- Librettist: Elfriede Jelinek
- Language: English
- Based on: David Lynch's 1997 film Lost Highway
- Premiere: 2003 Graz

= Lost Highway (opera) =

2003 opera

Lost Highway is a 2003 opera adaptation of the 1997 David Lynch film of the same name, by Austrian composer Olga Neuwirth with the libretto by 2004 Nobel Prize-winner Elfriede Jelinek.

== Premieres ==
The opera was premiered in Graz in 2003 at the Steirischer Herbst Festival of New Music with the live-electronics and sound design realized at the Institute of Electronic Music and Acoustics (IEM) using the open source software Pure Data, conducted by Johannes Kalitzke.

It made its American premiere at Finney Chapel in Oberlin, Ohio, and at the Miller Theater in New York City in February 2007, in a production performed by students from the Oberlin Conservatory of Music. It was directed by Jonathon Field, with sound design by Tom Lopez, produced by Lewis Nielson, and set design by Scott Dane Knowles. Barry Bryan portrayed Fred Madison.

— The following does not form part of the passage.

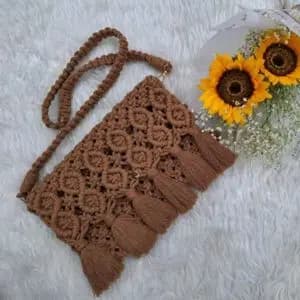 کیف زنانه مکرومه بافی مدل مونا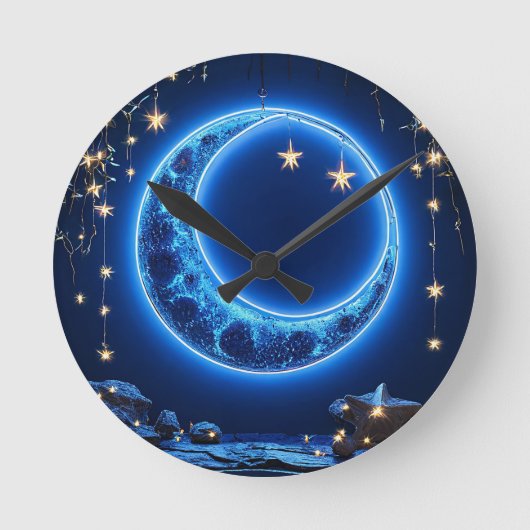 Gloeiende halve maan ronde klok (Voorkant)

It premiered in the UK in an ENO production at the Young Vic in April 2008. This production was directed by Diane Paulus, with set and costume design by Riccardo Hernandez, video design by Philip Bussmann, lighting design by Mimi Jordan Sherin and sound design by Markus Noisternig. The cast included Mark Bonnar as Fred Madison, Quirijn de Lang as Pete Dayton, Valérie MacCarthy as Renne/Alice, Christopher Robson as The Mystery Man and David Moss as Mr Eddy/Dick Laurent.

The German premiere was staged at the Bockenheimer Depot in Frankfurt by Yuval Sharon, with David Moss, among others.

== Roles ==

| Role | Voice type | Premiere cast, 2003 Conductor: Johannes Kalitzke |
| Pete | high baritone | Georg Nigl |
| Fred | actor | Vincent Crowley |
| Alice / Renee | soprano | Constance Hauman |
| Mr. Eddy / Dick Laurent | singer / actor / improvising musician | David Moss |
| Mystery Man | countertenor | Andrew Watts |
| Andy | countertenor |
| Pete's mother | actress, also singing |
| Pete's father | actor, also singing |
| Guard / Detective Lou | actor, also singing |
| Doctor / The Man / Detective Hank | actor, also singing |
| Director of prison / Arnie | actor, also singing |

== Reception ==
In 2019, writers of The Guardian ranked Lost Highway the 13th greatest work of art music since 2000.